En furia cordial se descontenta ante el hierro, el cemento, la grasa o la tormenta; la tarde, el fragor, el desespero; asido a su hermana gota jornalera, al pan que se esconde en los aleros. Lluvia tras lluvia, el suburbio se subleva. Llueve la grieta, la pobreza, el adobe llueve. Hambrientas, se arrinconan las miradas, se arropan furentes las tristezas; se persignan a gritos los silencios. De repente, estalla, se desata la lluvia entre los sueños y arrasa, intensa, choza, caserío, vereda, ahorro, sementera.

          El hombre siempre, siempre el tiempo. Todo pasa. Todo queda. Irrepetible, el instante perpetúa el camino, algo intemporal que el hombre saborea antes de que pase.

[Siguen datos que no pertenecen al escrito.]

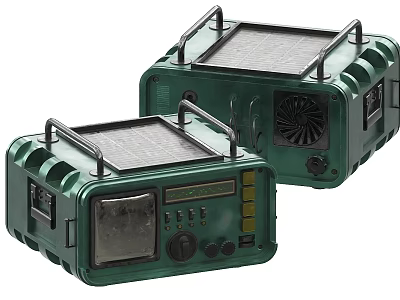 Green Portable Industrial Equipment with Handles Display Screen and Ventilation Fan 3d model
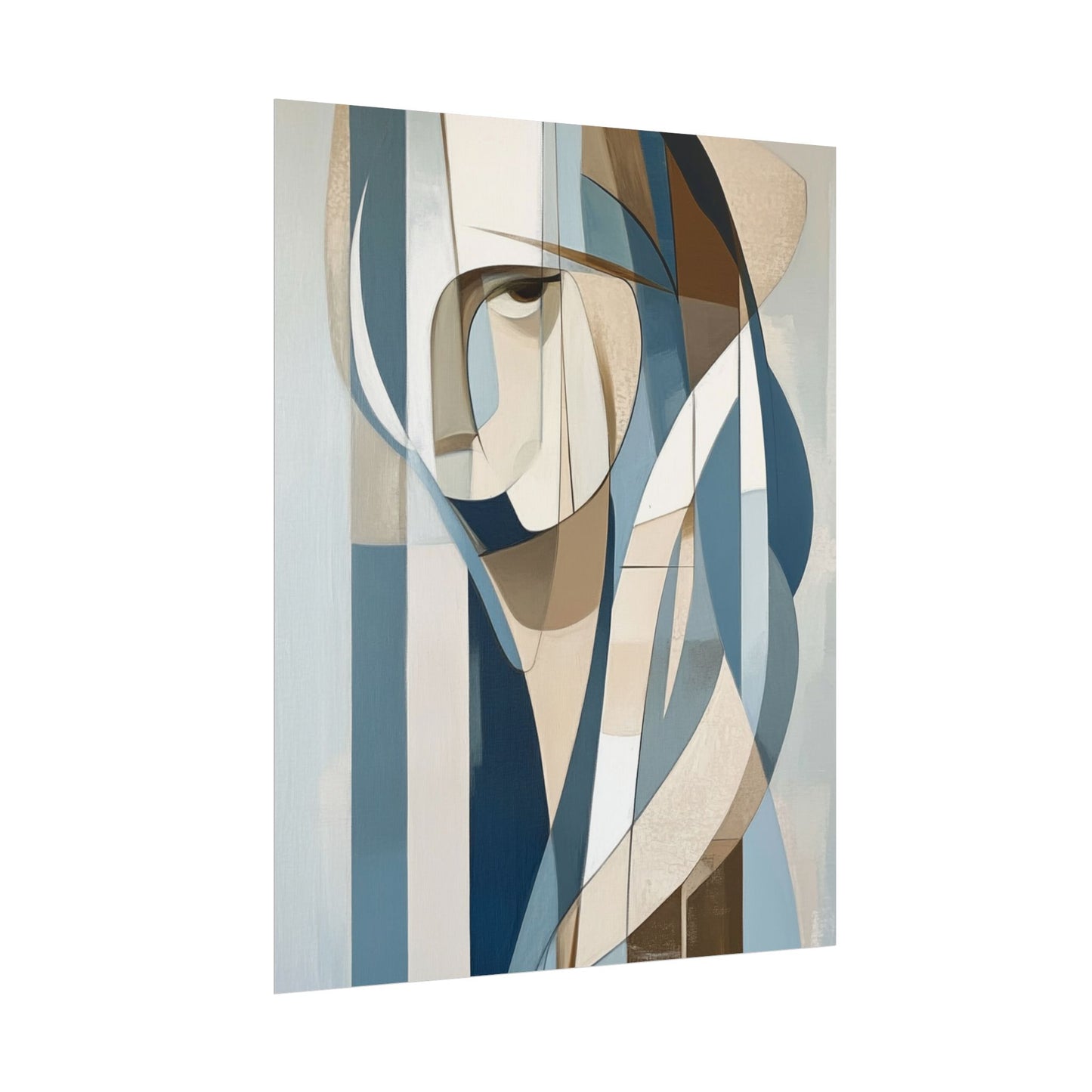 Contemplation in Blue - Modern Abstract Portrait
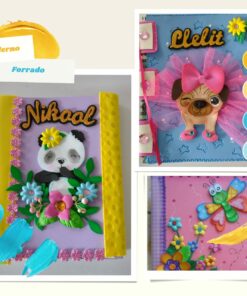 Cuatro cuadernos decorados con portadas vibrantes, creados con CURSO DE FOAMY, con diseños 3D de animales y flores, y nombres personalizados. Cada cuaderno está adornado con adornos coloridos como cuentas y cintas.
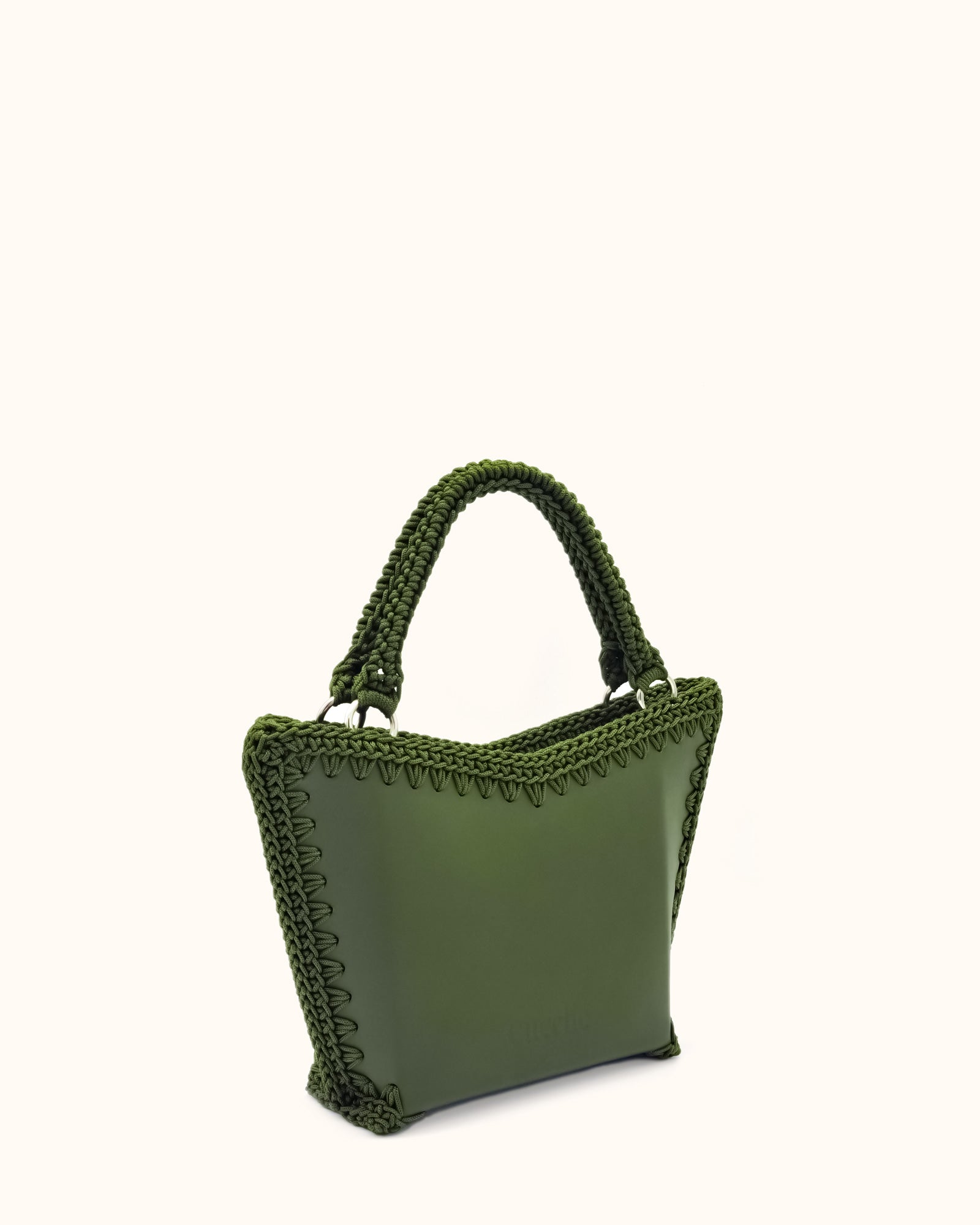 Bolso shopper pequeño artesanal Tatyana S verde de cuero y crochet - Hecho a mano por Cueché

La eternidad, deseo de que un instante eterno sea: presente sea, futuro sea. Presente como el mar, como el mar que no se arruga, no cambia, no pasa. Como el mar, presente el hombre siempre. Niño ayer, infante, camino de la vida o de la mar. Desmenuzando las horas de su vida: luz, sombra, sangre, trigo, repulsión, dulzura. Detrás de todo el mar como un caballo desbocado, siempre galopando el mar. El mar irrumpe, bueno para el trabajo y la batalla. El hombre entre la mar, en esta hora de soledad marina, activa aguas puras. De nuevo existe, canta, sueña, cree. Desde los manantiales del olivo, locura al cinto, en lucha con su pena, andando, andando, andando, andando, andando.